I, Lucifer, by Glen Duncan

66717Glenn Duncan’s I, LuciferI, Lucifer is the latest book to try and tell the Devil’s story from his own perspective. The premise of this short novel is that God gives Lucifer another chance at forgiveness. If he can live as a mortal for a month without committing any hell-worthy sins, Lucifer can join the heavenly host. As you might expect, Lucifer decides to use his month to a) tell his side of the story and b) work his way through all the venal sins.

This novel features some turns of theology I’ve seen before in novels. (Most in Lamb and Good Omens, but still.) Examples: humans think up and perform most of the evil without so much as an infernal nudge and that everything is part of the ineffable plan. The parts of the book where Lucifer talks about his rebellion and the Garden of Eden are probably the best parts of the book. A lot of the rest, unfortunately, is  taken up with Lucifer’s binging and whinging. This novel could have used a lot more plot, I think. A good idea can only sustain a novel so far. Towards the end, I admit that I had to skip a few pages just to get to the point of it all.

This book, I should note, is not a “Sympathy for the Devil” situation. (That would have been pretty interesting actually.) It’s just a chance to look at the Fall from a different perspective. It’s not so much pride that leads to the Fall so much as independent thought, taking time away from praising God to think about yourself. Personally, I don’t think this is such a bad thing. The Old Testament God was not a fun entity to be around, what with the punitive Shake ‘n’ Bake every other Book. But that’s free will for you. You have to take the bad with the good and have the guts to do what you think is right.

But this premise has been done better elsewhere. Milton, for example, in Paradise Lost, give Lucifer this speech in book one:

[Lucifer]: and till then who knew
The force of those dire Arms? yet not for those
Nor what the Potent Victor in his rage
Can else inflict do I repent or change,
Though chang’d in outward lustre; that fixt mind
And high disdain, from sence of injur’d merit,
That with the mightiest rais’d me to contend,
And to the fierce contention brought along
Innumerable force of Spirits arm’d
That durst dislike his reign, and me preferring,
His utmost power with adverse power oppos’d
In dubious Battel on the Plains of Heav’n,
And shook his throne. What though the field be lost?
All is not lost; the unconquerable Will,
And study of revenge, immortal hate,
And courage never to submit or yield:
And what is else not to be overcome?
That Glory never shall his wrath or might
Extort from me.
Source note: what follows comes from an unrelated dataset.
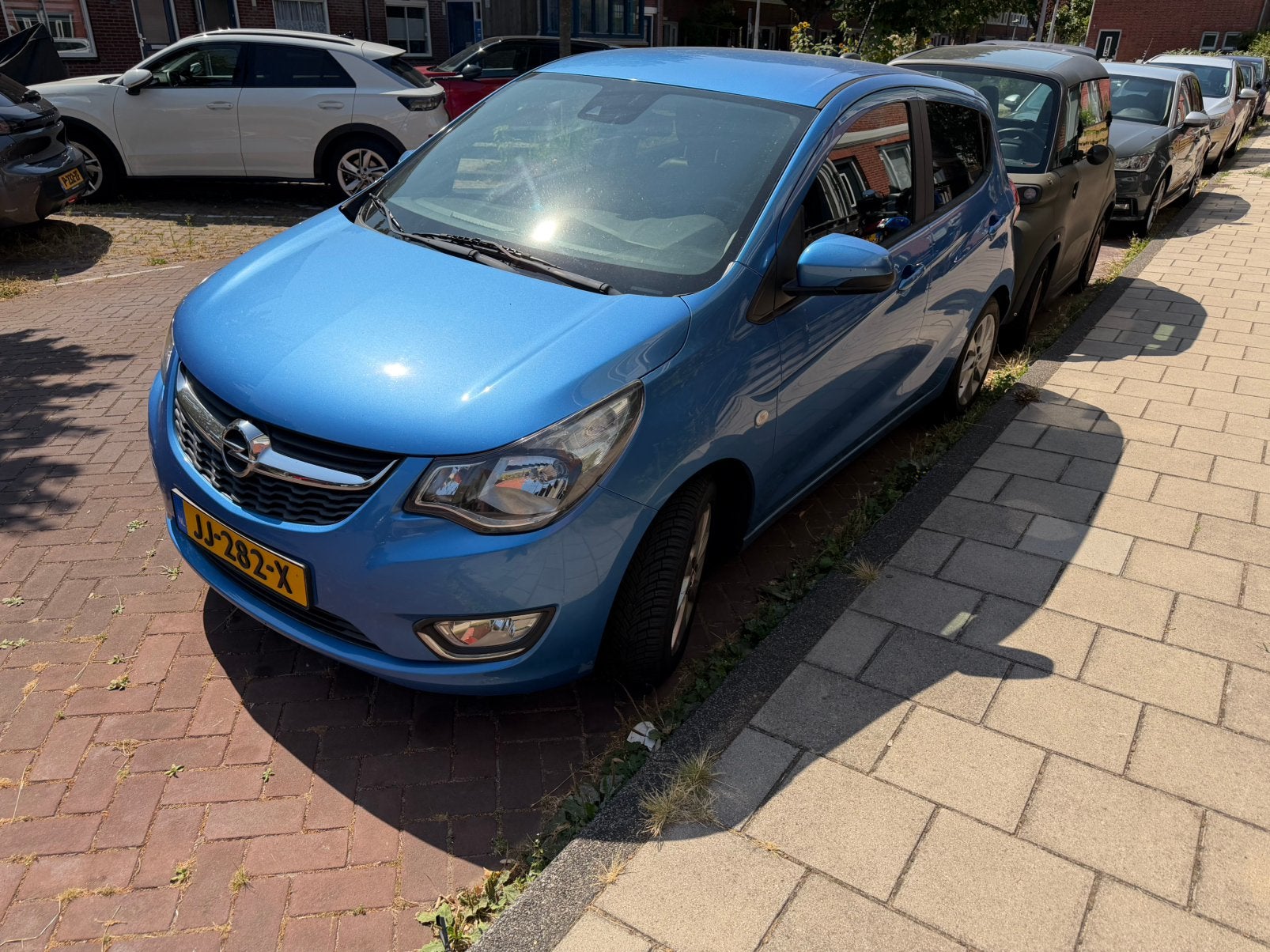 Opel Karl 1.0 Ecoflex 55KW 2016 Blauw, Auto's, Voorwielaandrijving, 839 kg, 74 pk, Zwart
To bow and sue for grace
With suppliant knee, and deifie his power
Who from the terrour of this Arm so late
Doubted his Empire, that were low indeed,
That were an ignominy and shame beneath
This downfall; since by Fate the strength of Gods
And this Empyreal substance cannot fail,
Since through experience of this great event
In Arms not worse, in foresight much advanc’t,
We may with more successful hope resolve
To wage by force or guile eternal Warr
Irreconcileable, to our grand Foe,
Who now triumphs, and in th’ excess of joy
Sole reigning holds the Tyranny of Heav’n.
So spake th’ Apostate Angel.
(Book One, I’d give you the lines, but I can’t be bothered to count them).

Duncan’s Lucifer can’t compete with this, even discounting the language. Then end was pretty good, actually. But I think this story might have worked better as a short story or a novella, because the beginning was interesting and well done, and the ending was much better than the cop out it could have been. It was just all that stuff in the middle that didn’t seem to serve a purpose. The problem was that the narrator kept digressing and wandering away from the point. The entire Declan Gunn plot just seemed superfluous. (And the name really made me wonder if the character was really an Anti Sue, as opposed to a Mary Sue.) I didn’t care about the character at all, and the more I heard about him, the less I cared.
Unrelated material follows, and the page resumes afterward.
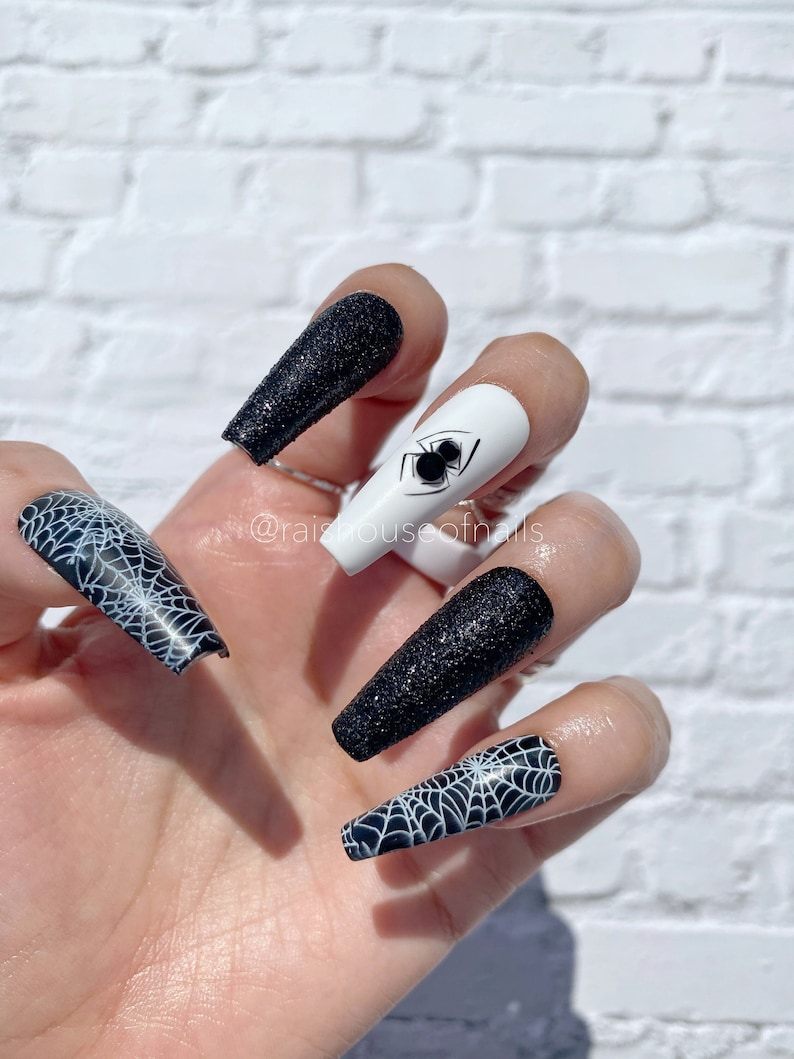 Uñas postizas de Halloween con diseño de telaraña, purpurina negra y arte de telaraña.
Coincidentally, I got a copy of Religulous today from Netflix, so I’ve been thinking about belief and religion for a few hours now (and probably will be for a while). All things considered, I would agree with the idea that there’s no Devil and that Sartre was right when he said that hell was other people. We have free will, and we can’t blame the Devil for the shit that we get up to. I don’t know about the ineffable plan, though. (And if anyone thinks this is a cry for some proselytizing, I’ll consider those comments to be spiritual spam. I am happy with my current afterlife plan, thank you.)